Once the line with "Building Photo - 204 Silver Fleet Dr" is found, repeat it and all later lines exactly through the end of the listing below, with the pictures left out.

### INFORMATION PROVIDED ###

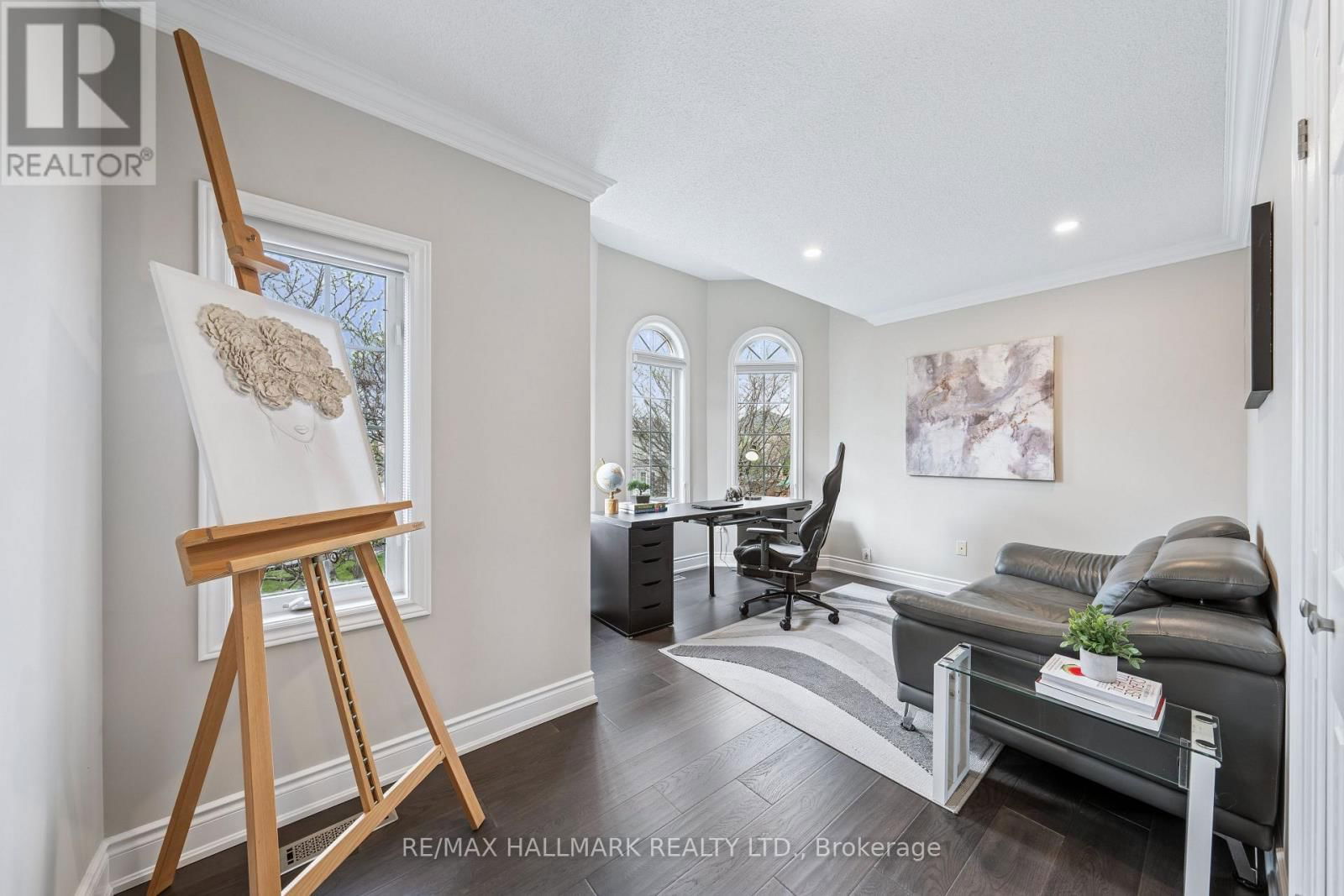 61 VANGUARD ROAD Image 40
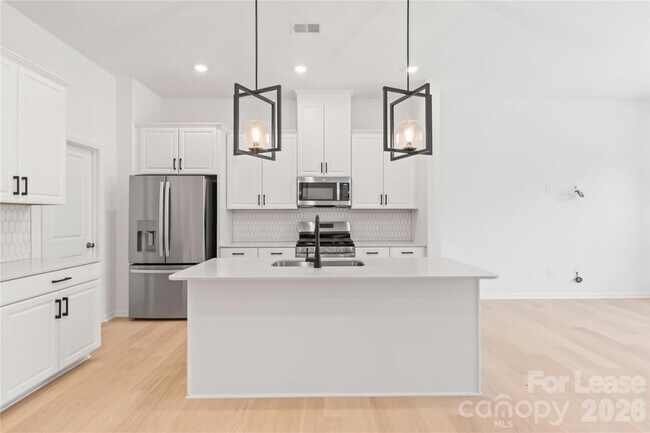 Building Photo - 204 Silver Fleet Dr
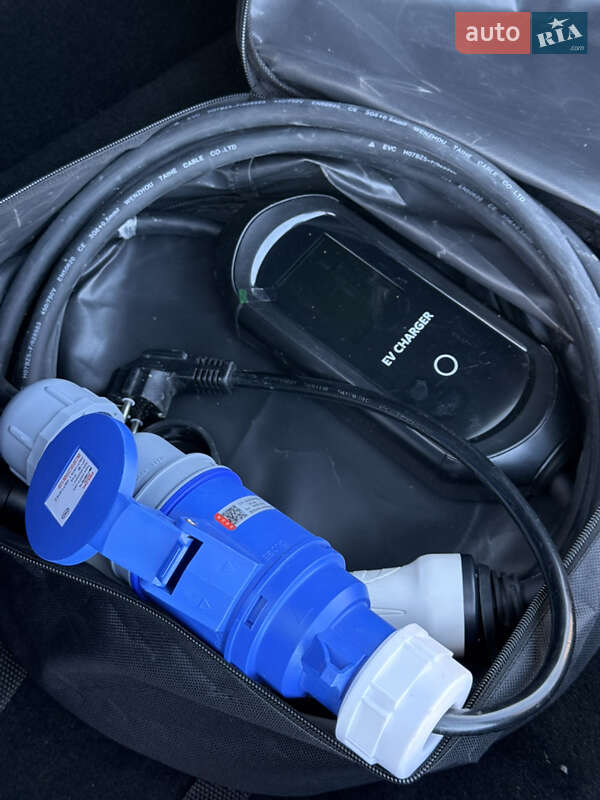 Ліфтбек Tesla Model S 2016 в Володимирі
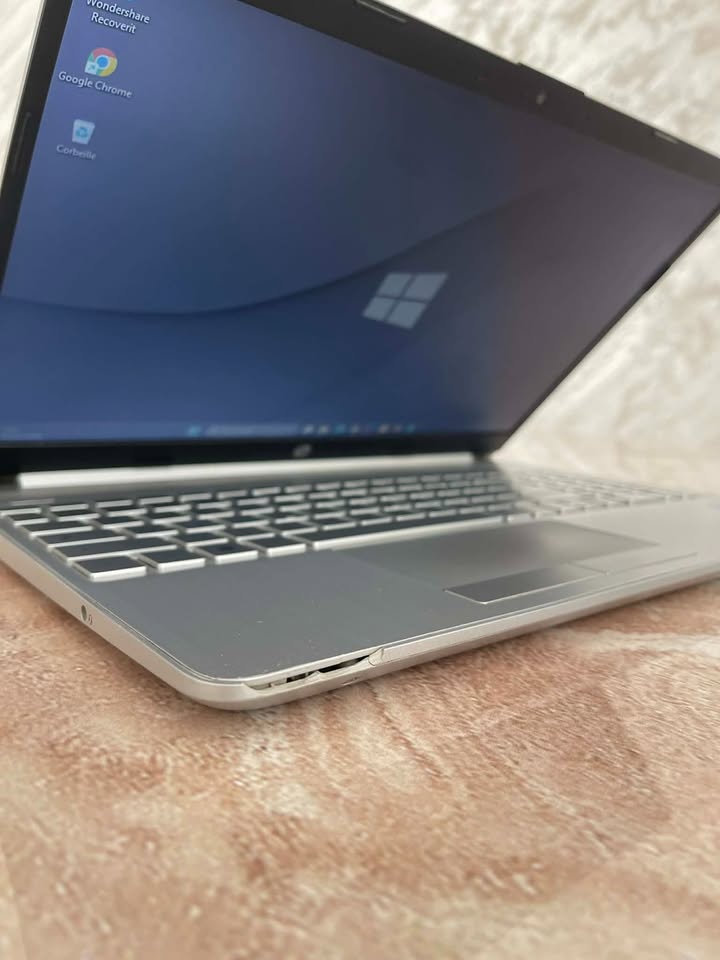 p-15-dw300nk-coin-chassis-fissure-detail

###

__SOLUTION BELOW__
 Building Photo - 204 Silver Fleet Dr
 Ліфтбек Tesla Model S 2016 в Володимирі
 p-15-dw300nk-coin-chassis-fissure-detail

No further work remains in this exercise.